Help build the future of open source observability software Open positions

Check out the open source projects we support Downloads

Grot cannot remember your choice unless you click the consent notice at the bottom.

Less is more: How Grafana Mimir queries run faster and more cost efficiently with fewer indexes

Less is more: How Grafana Mimir queries run faster and more cost efficiently with fewer indexes

2023-08-21 12 min

Over the past six months, we have been working on optimizing query performance in Grafana Mimir, the open source TSDB for long-term metrics storage. First, we tackled most of the out-of-memory errors in the Mimir store-gateway component by streaming results, as we discussed in a previous blog post. We also wrote about how we eliminated mmap from the store-gateway and as a result, health check timeouts largely disappeared. 

But even with those changes, we were still seeing spikes in memory usage in Mimir. This pushed us into a new round of investigations. With the help of continuous profiling and analyzing query execution, we discovered that the source of these issues ended up defying our basic assumptions about what makes a Prometheus query expensive. We tracked high volumes of memory consumption to what we thought would be the least resource-intensive stage of a query — finding the set of series that a query selects.  

In this blog post, we will dive into how the Mimir store-gateway selects the series for a query. Then we will introduce how we leveraged the structure of the Prometheus TSDB to avoid some inverted index lookups and reduced store-gateway memory usage in some clusters by up to 64%.

Tracking down OOMs

Finding the cause of an OOM error can be quite tricky. Unlike a correctness bug, OOM errors are caused by a multitude of factors: the number of users currently querying, the time range that their queries touch, the number of series that they touch, the number of currently available redundant store-gateway replicas in the Mimir cluster, the latency of the object storage provider, the state of the in-memory caches that the store-gateway uses, and numerous other variables — some within and many outside our control. This makes OOMs very hard to reproduce without spending a lot of time and effort in perfectly replicating the exact conditions occurring in production.

In addition, when looking at metrics from the store-gateways, we couldn’t spot any correlation with the number of queries per second, number of blocks queried per second, or the number of returned series per second that could have contributed to an OOM error. This meant that there was an issue with individual queries and how they query the data versus how many queries there are or how much data they query.

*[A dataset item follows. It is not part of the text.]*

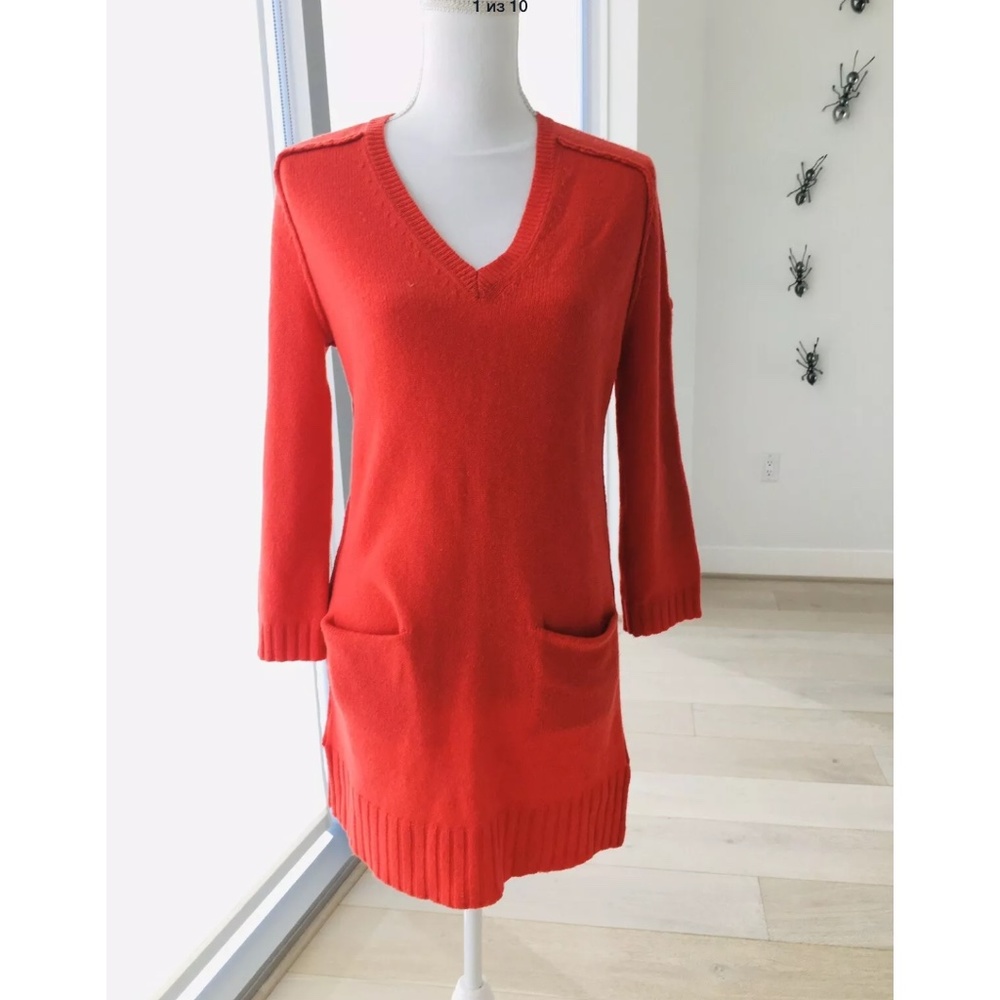BCBGMAXAZRIA 3/4Sleeve Sweater Tunic Wool XS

To help investigate this uncertainty, we used two techniques: continuous profiling and active queries tracking. Let’s take a look at both to see what we found with each.

Continuous profiling for identifying OOM errors

We used Grafana Pyroscope, the open source continuous profiling platform, to fetch and store memory profiles from our store-gateways every 15 seconds. This helped us see which functions in our code were responsible for the most in-use memory and thus contributing most to OOMs.

We couldn’t have the state of memory utilization at the time of an OOM error. But we could analyze memory usage leading up to the OOM and the memory usage of other replicas of the store-gateway that only had a spike in memory usage instead of a full-blown OOM error. 

What we found was surprising. As much as 95% of memory was taken up by series IDs (also called “postings”), which are 64-bit integers that identify a time series within a TSDB block. (See the previous blog post for more details about what part they play in a Prometheus query.)

Series IDs are expected to be negligible compared to the size of the series labels and chunks of samples, but for some reason they weren’t. Below is a profile that shows that the function fetchPostings is taking up 15.2GiB out of the total 16GiB of heap in a store-gateway replica. It’s also important to note that the fetched series IDs are not only the IDs of the series effectively returned by the query. They also include IDs fetched during intermediate steps of the query execution, as we’ll see more in detail later on.

Continuous profiling dashboard showing Mimir resource usage.

Active queries tracker in Mimir

Mimir has a feature that allows us to see which queries were being executed by a process when it crashed. This feature, called active queries tracker, is particularly useful to see exactly which queries were being executed at the time of the store-gateway OOM.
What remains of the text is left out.